Als befreite Menschen verschieben sich unsere Maßstäbe. Als Befreite können, dürfen und sollen wir in dieser Welt wirken, zur Ehre Gottes, und 

immer wieder neu auch für Frieden, Gerechtigkeit und Bewahrung der Schöpfung eintreten. Und so Wirkung entfachen. 

Dafür eintreten, dass zumindest ein kleines Stück der Nähe Gottes, auf die wir hoffen, bereits in dieser Welt sichtbar und fühlbar wird. Wir können die Verwirrung hinter uns lassen, die uns so leicht ergreifen kann, abschütteln und schon in diesem Leben am Reich Gottes mitarbeiten – immer wieder neu. 

Das gilt auch ganz besonders für die Arbeit an den jüngsten unserer Gemeinde, durch die Mitarbeitenden in den Kindergärten. Es könnte so in eurer Dienstordnung stehen: „Tretet dafür ein, dass die Nähe Gottes, auf die wir hoffen, bereits in dieser Welt sichtbar und fühlbar wird. 

Das gibt Sinn: Der Arbeit, dem Leben, dem Mensch sein. 

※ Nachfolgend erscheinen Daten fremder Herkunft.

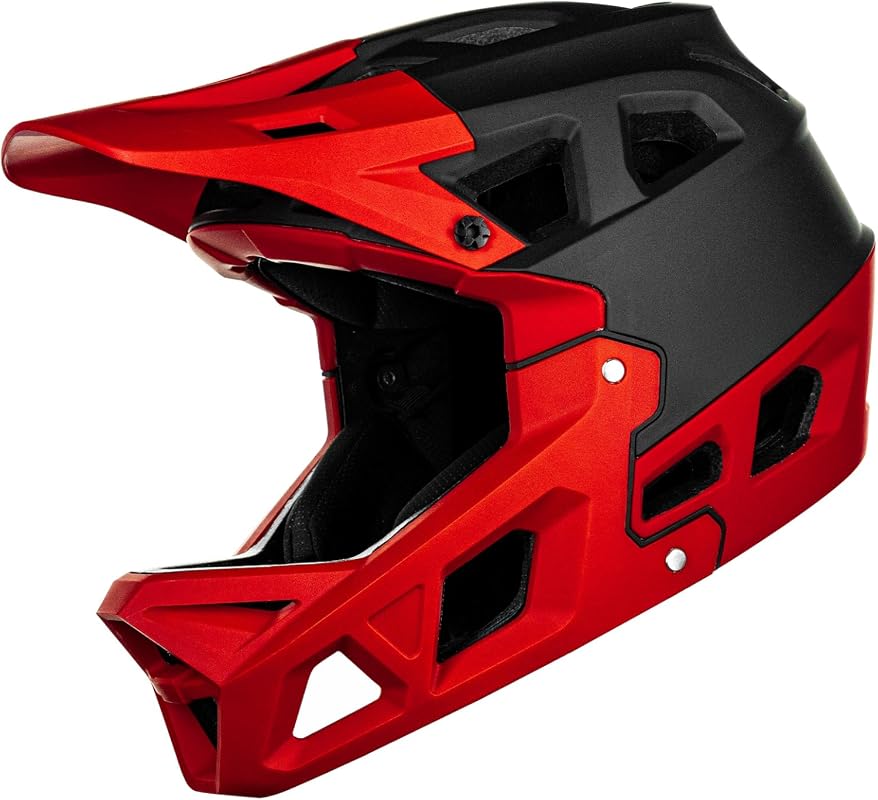 ILM ZL-B068 Helmet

Ich habe diese Predigt mit dem Zitat eines Philosophen begonnen. Mit dem Zitat eines anderen Philosophen will schließen. Der, leider schon verstorbene, Denker, Autor und späterer Präsident der Tschechischen Republik, Vaclav Havel, hat das, bezogen auf unser Leben hier, so formuliert: 

„Hoffnung ist nicht die Überzeugung dass etwas gut ausgeht, sondern die Überzeugung dass etwas Sinn macht, egal wie es ausgeht“. 

AMEN 

Und der Friede Gottes der höher ist als alle unsere Vernunft bewahre unsere Herzen und Sinne in Jesus Christus. Amen.